◆ **Task goal**: Copy exactly the line that contains "this 1201×1008 image." plus all remaining lines of the data, and leave out every line before it.
++++
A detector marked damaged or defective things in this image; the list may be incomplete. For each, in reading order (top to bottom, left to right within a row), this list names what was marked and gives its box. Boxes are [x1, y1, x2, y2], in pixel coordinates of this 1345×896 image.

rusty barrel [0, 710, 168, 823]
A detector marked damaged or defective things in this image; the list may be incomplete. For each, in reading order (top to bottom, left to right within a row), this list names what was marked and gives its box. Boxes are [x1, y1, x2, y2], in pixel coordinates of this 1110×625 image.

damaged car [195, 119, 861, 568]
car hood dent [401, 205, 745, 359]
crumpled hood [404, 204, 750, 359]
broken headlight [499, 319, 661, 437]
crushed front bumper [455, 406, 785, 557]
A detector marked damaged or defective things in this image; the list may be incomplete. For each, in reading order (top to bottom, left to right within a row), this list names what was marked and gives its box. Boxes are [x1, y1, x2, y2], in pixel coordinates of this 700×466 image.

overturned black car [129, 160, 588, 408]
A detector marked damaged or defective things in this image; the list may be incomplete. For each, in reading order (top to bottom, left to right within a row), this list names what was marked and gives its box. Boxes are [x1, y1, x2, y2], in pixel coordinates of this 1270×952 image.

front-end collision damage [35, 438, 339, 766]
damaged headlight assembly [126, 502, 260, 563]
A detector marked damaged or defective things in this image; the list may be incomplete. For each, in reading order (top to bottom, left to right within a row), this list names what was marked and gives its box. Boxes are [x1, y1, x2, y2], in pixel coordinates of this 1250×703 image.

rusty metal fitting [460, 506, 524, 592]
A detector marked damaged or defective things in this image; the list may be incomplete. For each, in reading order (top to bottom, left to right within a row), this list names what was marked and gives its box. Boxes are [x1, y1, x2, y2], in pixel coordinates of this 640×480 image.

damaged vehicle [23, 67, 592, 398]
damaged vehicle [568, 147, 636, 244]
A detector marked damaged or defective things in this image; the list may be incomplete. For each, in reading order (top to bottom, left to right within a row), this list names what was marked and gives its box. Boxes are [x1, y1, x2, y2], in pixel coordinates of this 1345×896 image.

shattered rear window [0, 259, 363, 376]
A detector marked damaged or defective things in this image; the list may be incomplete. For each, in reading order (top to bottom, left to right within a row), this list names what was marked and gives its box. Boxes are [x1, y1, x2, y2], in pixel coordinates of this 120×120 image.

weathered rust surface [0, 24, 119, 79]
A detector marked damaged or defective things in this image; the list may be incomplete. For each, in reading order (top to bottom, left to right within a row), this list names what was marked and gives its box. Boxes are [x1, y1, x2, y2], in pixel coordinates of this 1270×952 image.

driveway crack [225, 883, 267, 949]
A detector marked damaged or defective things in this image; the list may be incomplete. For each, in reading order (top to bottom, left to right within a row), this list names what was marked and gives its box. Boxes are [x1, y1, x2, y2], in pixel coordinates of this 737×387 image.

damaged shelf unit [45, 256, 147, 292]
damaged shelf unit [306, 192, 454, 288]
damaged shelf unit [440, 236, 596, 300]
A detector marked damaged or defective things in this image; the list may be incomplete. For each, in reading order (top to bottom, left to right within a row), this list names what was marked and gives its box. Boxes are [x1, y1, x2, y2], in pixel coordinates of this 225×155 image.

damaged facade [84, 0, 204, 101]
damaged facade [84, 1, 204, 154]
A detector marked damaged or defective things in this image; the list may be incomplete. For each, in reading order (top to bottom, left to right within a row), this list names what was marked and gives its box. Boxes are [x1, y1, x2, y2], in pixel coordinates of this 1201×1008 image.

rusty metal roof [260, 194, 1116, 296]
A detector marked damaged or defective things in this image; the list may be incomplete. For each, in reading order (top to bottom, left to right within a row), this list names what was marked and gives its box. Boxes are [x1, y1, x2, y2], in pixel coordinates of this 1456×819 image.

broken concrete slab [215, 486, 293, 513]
++++
◆ **Task response**:
A detector marked damaged or defective things in this image; the list may be incomplete. For each, in reading order (top to bottom, left to right within a row), this list names what was marked and gives its box. Boxes are [x1, y1, x2, y2], in pixel coordinates of this 1201×1008 image.

rusty metal roof [260, 194, 1116, 296]
A detector marked damaged or defective things in this image; the list may be incomplete. For each, in reading order (top to bottom, left to right within a row), this list names what was marked and gives its box. Boxes are [x1, y1, x2, y2], in pixel coordinates of this 1456×819 image.

broken concrete slab [215, 486, 293, 513]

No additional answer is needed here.